Florian half uns per Telefon, die Hütte in Gang zu kriegen, das heisst, wir haben fliessend warmes und kaltes Wasser, elektrischen Strom und einen Gaskochherd, der auch funktioniert. Am ersten Abend mussten wir etwas einfeuern, aber wir hatten sehr bald angenehm warm und gingen auch sehr bald zu Bett.

Am Dienstag ging es ins Solifjell, diesmal, um ein paar Posten in die Gegend zu setzen. Dadurch, dass wir immer querfeldein wanderten, kamen wir nur langsam vorwärts. Zudem mussten wir immer wieder innehalten und die Gegend bewundern. Auch hier: endlose Weiten und bunt gefärbte Bäume, Büsche, Gräser. Nach fast vier Stunden Marschzeit merkten wir am Abend, auch an diesem Tag reichte es, um völlig k.o. zu sein.

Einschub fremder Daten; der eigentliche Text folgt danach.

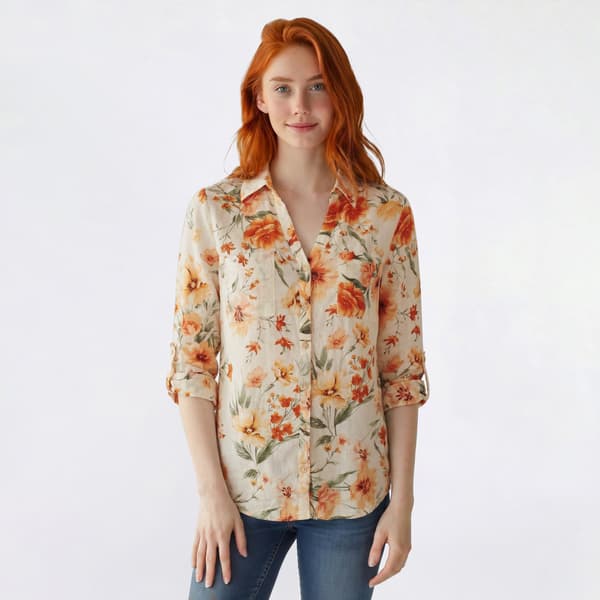 Juniors A.Byer Floral Linen Button Down - image 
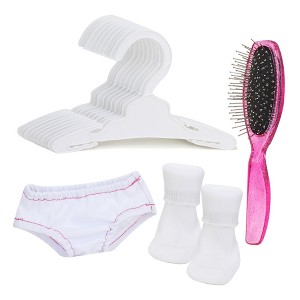 Sophia's - 18" Doll - 10 Hangers, 1 Pink Hairbrush, 1 pair Print Undies & 1 pair Ankle Sock - Hot Pink - 1 of 4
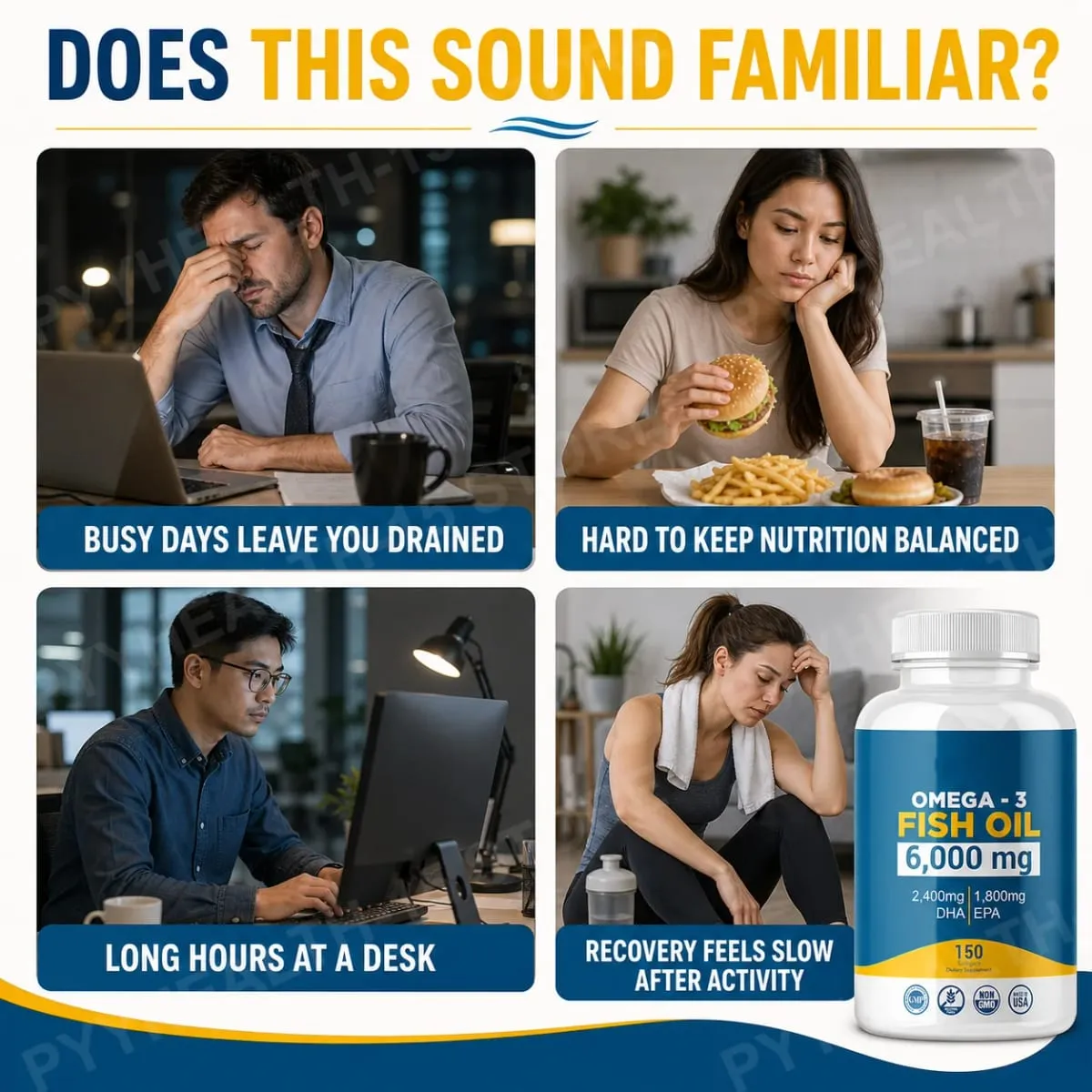 Omega-3 Fish Oil 6000mg Softgels High DHA EPA Formula 2400mg DHA 1800mg EPA Non-GMO 150 Capsules Heart Brain Nutrition Support — image 4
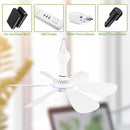 Ventilador de teto silencioso com 6 folhas, alimentado por usb, com controle rem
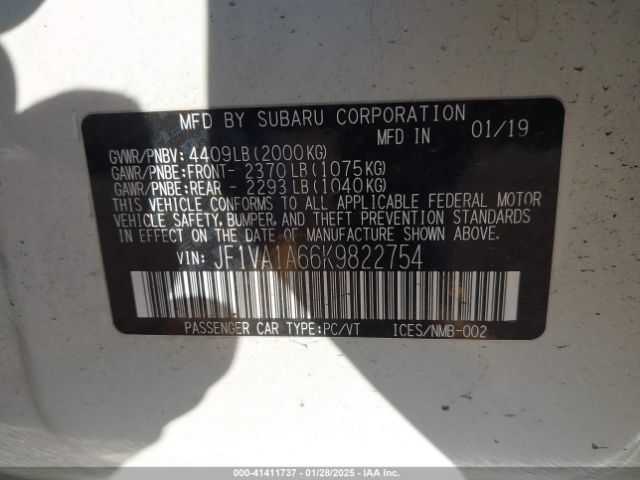 JF1VA1A66K9822754 Subaru WRX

Gestern war trotz bereits müder Beine eine längere Tour angesagt. Das Wetter versprach sonnig zu werden, wir wollten den Tag nutzen. Mit dem Auto fuhren wir zum Gausdalen und von dort irgendwann in die Höhe. Irgendwo, wo es gerade passte, parkierten wir und gingen dann zu Fuss weiter. Für mich war dies die Peer-Gynt-Wanderung, weil wir uns gemäss Wanderkarte im «Peer Gynts Rike» befanden.

Durch endlose Sümpfe an unzähligen Seen vorbei führte uns die Tour zu einem grösseren See, wo wir eine kurze Pause machten. Wege hatte dieser Teil der Wanderung keine, dafür waren wir fast die einzigen Lebewesen unterwegs. Nur hie und da schreckten wir Schafe auf. Zurück ging es mehrheitlich auf Wanderwegen, doch wer weiss, wie diese in Norwegen sind, weiss auch, dass man da nicht wirklich schnell vorankommt. Wir hatten bis zum Auto praktisch gleichlang wie zum See und waren am Schluss – das ist jetzt nicht schwer zu erraten – völlig k.o. Auch wenn wir für einmal keine Aussichten geniessen konnten, genossen wir die Wanderung, Stefan und ich mögen den Geruch der Sümpfe, das leichte Federn darauf und eben diese schiere Endlosigkeit.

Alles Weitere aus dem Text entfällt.